Elle y a mis en place et soutenu militairement des appareils d'État avant tout soumis aux intérêts des trusts et de l'État français, perméables à la corruption et aujourd'hui au bord de l'effondrement.
Lors d'une récente émission sur RFI, un auditeur malien expliquait ainsi la déroute de l'armée malienne dans le nord : « L'armée est minée par la corruption, les fonds pour l'achat des équipements sont détournés dans la plus totale impunité. Les soldats vivent dans des camps qui sont de véritables porcheries, pendant que les officiers supérieurs se pavanent dans leurs 4 x 4 climatisés. » Mais l'armée n'est pas un cas particulier. Dans un récent numéro de leur journal Le pouvoir aux travailleurs, nos camarades de l'Union africaine des travailleurs communistes internationalistes (UATCI-UCI) citent les témoignages de travailleurs maliens sur le racket auquel se livrent les policiers dans les cars en provenance de Bamako. Ils évoquent même un directeur d'école qui exigeait 25 000 francs CFA pour un certificat de scolarité, normalement gratuit. Ils concluaient : « L'exemple vient d'en haut. Les commandants de cercle, les généraux, les ministres et autres grands dignitaires se remplissent les poches et se payent des villas luxueuses en pratiquant la corruption, le racket, et le détournement d'argent public. Tout cela se fait directement ou indirectement sur le dos de la population pauvre, qui doit se défendre dans les difficultés de la vie quotidienne et qui s'enfonce de plus en plus dans la misère. Cela se fait aussi au détriment des infrastructures publiques qui se détériorent au fil des ans, car le peu d'argent qui est consacré à leur entretien est détourné. »

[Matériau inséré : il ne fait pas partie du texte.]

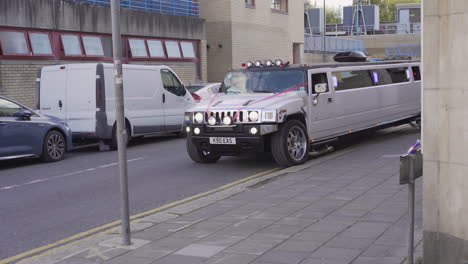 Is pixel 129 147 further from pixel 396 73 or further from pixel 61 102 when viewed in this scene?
pixel 396 73

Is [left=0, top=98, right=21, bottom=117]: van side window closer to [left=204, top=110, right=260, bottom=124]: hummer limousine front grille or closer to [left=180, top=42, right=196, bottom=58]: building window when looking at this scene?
[left=204, top=110, right=260, bottom=124]: hummer limousine front grille

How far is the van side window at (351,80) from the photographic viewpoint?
515 inches

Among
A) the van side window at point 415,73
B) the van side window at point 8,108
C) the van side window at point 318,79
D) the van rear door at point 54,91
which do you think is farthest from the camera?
the van side window at point 415,73

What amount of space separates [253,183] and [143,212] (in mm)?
2296

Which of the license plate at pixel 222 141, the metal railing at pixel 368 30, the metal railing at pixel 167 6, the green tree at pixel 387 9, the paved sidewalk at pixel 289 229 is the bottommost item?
the paved sidewalk at pixel 289 229

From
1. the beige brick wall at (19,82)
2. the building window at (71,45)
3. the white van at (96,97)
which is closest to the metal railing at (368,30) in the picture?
the building window at (71,45)

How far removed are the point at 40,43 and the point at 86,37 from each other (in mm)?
2095

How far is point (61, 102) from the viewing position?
50.4ft

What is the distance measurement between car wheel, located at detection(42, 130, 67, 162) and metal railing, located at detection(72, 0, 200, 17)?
9.79 metres

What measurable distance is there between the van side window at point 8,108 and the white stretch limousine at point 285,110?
12.0 feet

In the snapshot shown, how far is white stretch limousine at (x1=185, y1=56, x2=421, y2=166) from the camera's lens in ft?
36.5

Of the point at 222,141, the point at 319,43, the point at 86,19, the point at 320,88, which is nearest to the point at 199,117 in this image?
the point at 222,141

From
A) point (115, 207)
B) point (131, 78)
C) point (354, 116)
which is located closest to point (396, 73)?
point (354, 116)

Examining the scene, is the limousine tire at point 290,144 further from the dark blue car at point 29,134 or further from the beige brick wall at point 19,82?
the beige brick wall at point 19,82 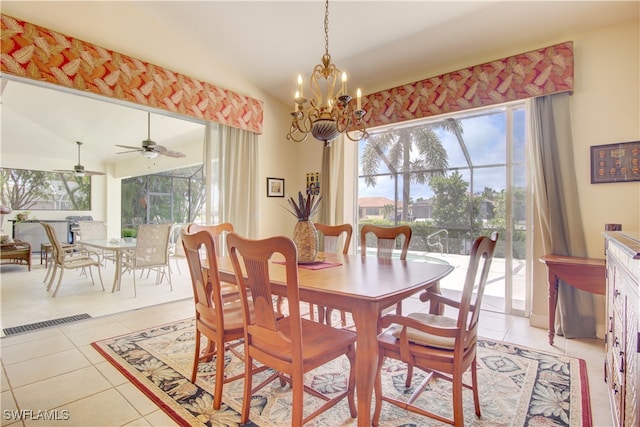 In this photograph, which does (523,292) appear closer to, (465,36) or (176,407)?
(465,36)

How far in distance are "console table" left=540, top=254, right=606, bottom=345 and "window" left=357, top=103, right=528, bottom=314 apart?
2.15 ft

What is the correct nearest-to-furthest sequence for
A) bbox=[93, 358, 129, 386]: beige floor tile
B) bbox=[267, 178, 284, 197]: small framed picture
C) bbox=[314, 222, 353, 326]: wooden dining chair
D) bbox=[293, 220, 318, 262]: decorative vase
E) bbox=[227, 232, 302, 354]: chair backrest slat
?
bbox=[227, 232, 302, 354]: chair backrest slat → bbox=[93, 358, 129, 386]: beige floor tile → bbox=[293, 220, 318, 262]: decorative vase → bbox=[314, 222, 353, 326]: wooden dining chair → bbox=[267, 178, 284, 197]: small framed picture

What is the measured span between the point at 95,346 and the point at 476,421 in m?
2.85

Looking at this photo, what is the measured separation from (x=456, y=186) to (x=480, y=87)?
123 cm

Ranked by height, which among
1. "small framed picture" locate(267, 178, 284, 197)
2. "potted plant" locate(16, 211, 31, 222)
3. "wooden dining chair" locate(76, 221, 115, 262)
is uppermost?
"small framed picture" locate(267, 178, 284, 197)

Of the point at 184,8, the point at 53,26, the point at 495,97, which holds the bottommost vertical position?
the point at 495,97

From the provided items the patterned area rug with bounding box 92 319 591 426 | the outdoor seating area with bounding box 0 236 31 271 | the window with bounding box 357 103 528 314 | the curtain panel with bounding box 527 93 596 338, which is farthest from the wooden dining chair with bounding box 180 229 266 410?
the outdoor seating area with bounding box 0 236 31 271

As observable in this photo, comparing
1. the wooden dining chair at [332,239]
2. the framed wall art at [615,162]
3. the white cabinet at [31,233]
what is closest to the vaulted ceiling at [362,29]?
the framed wall art at [615,162]

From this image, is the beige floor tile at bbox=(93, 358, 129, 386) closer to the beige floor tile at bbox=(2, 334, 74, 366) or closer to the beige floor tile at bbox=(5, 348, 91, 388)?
the beige floor tile at bbox=(5, 348, 91, 388)

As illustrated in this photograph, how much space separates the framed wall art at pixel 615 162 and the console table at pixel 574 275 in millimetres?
733

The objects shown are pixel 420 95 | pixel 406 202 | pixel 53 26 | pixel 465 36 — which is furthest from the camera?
pixel 406 202

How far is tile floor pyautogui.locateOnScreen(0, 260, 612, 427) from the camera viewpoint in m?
1.75

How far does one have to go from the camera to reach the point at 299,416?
4.70 feet

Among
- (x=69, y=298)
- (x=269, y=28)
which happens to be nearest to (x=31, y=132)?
(x=69, y=298) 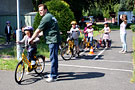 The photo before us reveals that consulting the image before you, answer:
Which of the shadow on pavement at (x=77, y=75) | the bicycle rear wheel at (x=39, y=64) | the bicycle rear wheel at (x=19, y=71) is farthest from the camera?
the bicycle rear wheel at (x=39, y=64)

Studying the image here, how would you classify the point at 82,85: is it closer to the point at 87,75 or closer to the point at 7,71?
the point at 87,75

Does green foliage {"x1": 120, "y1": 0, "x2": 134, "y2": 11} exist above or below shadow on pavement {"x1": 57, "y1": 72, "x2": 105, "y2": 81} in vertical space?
above

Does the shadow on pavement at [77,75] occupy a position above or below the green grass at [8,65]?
below

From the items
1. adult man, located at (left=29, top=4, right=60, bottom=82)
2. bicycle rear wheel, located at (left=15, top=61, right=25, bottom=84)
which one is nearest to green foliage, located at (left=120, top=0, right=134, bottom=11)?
adult man, located at (left=29, top=4, right=60, bottom=82)

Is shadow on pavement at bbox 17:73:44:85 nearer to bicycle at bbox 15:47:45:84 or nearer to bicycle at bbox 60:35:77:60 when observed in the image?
bicycle at bbox 15:47:45:84

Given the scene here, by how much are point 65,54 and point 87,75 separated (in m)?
3.04

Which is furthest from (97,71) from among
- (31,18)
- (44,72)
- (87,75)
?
(31,18)

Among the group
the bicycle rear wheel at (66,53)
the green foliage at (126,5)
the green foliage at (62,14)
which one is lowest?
the bicycle rear wheel at (66,53)

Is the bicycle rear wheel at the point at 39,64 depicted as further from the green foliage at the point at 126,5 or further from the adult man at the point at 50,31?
the green foliage at the point at 126,5

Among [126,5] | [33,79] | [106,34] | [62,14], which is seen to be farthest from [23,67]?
[126,5]

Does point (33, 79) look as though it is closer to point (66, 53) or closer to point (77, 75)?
point (77, 75)

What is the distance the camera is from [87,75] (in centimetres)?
732

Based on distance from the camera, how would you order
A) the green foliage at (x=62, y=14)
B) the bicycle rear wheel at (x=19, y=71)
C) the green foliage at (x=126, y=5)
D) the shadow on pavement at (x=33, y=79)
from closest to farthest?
1. the bicycle rear wheel at (x=19, y=71)
2. the shadow on pavement at (x=33, y=79)
3. the green foliage at (x=62, y=14)
4. the green foliage at (x=126, y=5)

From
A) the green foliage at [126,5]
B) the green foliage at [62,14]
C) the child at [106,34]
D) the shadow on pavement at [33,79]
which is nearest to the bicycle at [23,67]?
the shadow on pavement at [33,79] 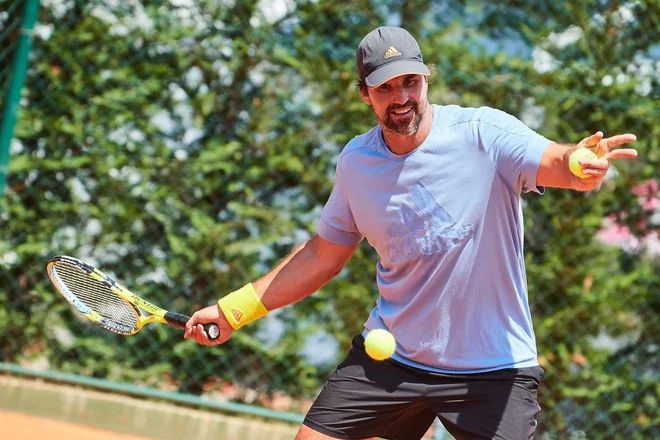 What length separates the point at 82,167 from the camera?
17.9 feet

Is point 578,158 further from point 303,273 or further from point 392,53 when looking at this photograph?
point 303,273

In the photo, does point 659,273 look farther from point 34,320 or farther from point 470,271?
point 34,320

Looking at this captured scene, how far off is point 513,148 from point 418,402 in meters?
0.93

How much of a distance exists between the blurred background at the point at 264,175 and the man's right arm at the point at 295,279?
1.88 meters

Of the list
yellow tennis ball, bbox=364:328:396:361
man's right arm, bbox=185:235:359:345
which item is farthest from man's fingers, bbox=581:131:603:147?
man's right arm, bbox=185:235:359:345

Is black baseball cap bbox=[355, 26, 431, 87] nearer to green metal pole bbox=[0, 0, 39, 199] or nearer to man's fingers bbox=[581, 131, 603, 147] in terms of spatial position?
man's fingers bbox=[581, 131, 603, 147]

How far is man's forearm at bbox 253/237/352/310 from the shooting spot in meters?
3.42

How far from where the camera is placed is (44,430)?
520 cm

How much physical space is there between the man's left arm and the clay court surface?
3.43 m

Lorsque la France a dû se résigner à accorder l'indépendance à ses colonies, elle l'a fait de façon à ce que ses trusts puissent continuer à exploiter les richesses de la zone. De simples limites administratives ont été transformées en frontières, créant de nouveaux États sans viabilité économique, voués à la pauvreté et incapables de traiter d'égal à égal avec les trusts français. L'action corruptrice de sociétés comme Elf, Bolloré ou Bouygues a pesé de tout son poids sur les nouveaux pays pour siphonner, moyennant de grosses commissions versées aux dirigeants, les ressources qui auraient dû servir à faire fonctionner les services publics. Ultime garantie, l'indépendance a été subordonnée à des accords militaires et au maintien de bases françaises faisant planer la menace d'une intervention sur les dirigeants qui voudraient s'émanciper de cette tutelle.
Récemment, la crise économique a encore aggravé ce délabrement des appareils d'État issus de la décolonisation. La spéculation sur les matières premières industrielles a rendu les ressources des États plus aléatoires, tandis que la hausse des aliments importés affamait les populations. Dans plusieurs pays, les guerres civiles ont créé des zones sans aucun contrôle, vouées à la seule mainmise de bandes armées.
Guerres et pillage, voilà ce que vaut à ces pays d'Afrique la prétendue amitié des puissances impérialistes, et de la France en particulier. Elle intervient aujourd'hui au Mali pour tenter de remettre de l'ordre dans ce chaos qu'elle a elle-même créé.